_STORED DATA_

····················

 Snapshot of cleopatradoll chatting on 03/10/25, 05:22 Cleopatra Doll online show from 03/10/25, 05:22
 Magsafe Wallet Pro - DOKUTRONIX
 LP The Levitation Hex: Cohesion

····················

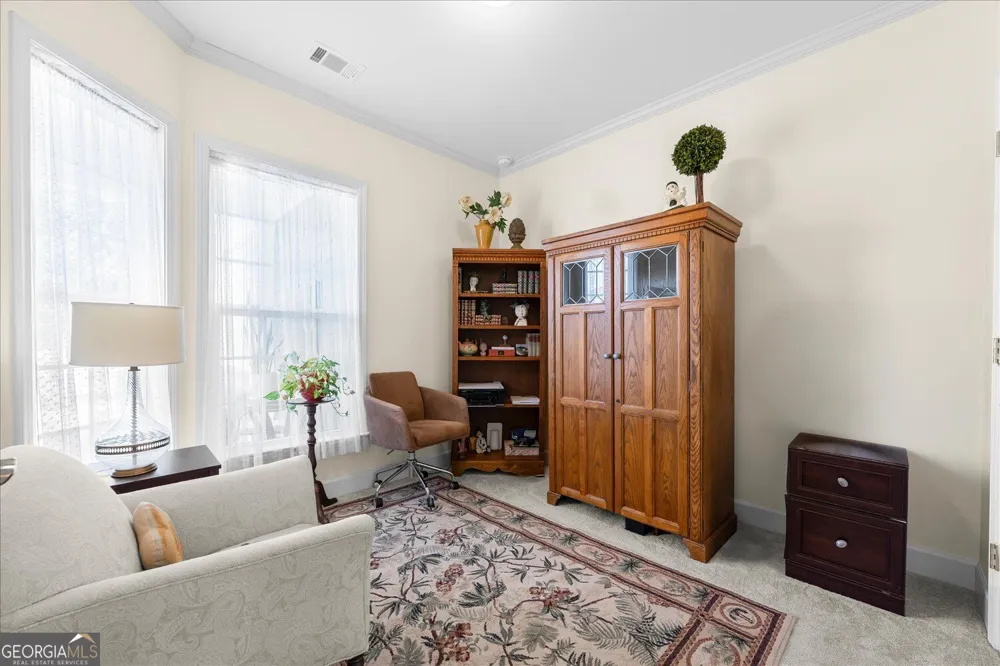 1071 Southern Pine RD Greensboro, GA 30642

····················

What you give back should be only the lines of the records above, starting at the line with "Snapshot of cleopatradoll" and ending at the line with "LP The Levitation Hex: Cohesion", restated word for word.

 Snapshot of cleopatradoll chatting on 03/10/25, 05:22 Cleopatra Doll online show from 03/10/25, 05:22
 Magsafe Wallet Pro - DOKUTRONIX
 LP The Levitation Hex: Cohesion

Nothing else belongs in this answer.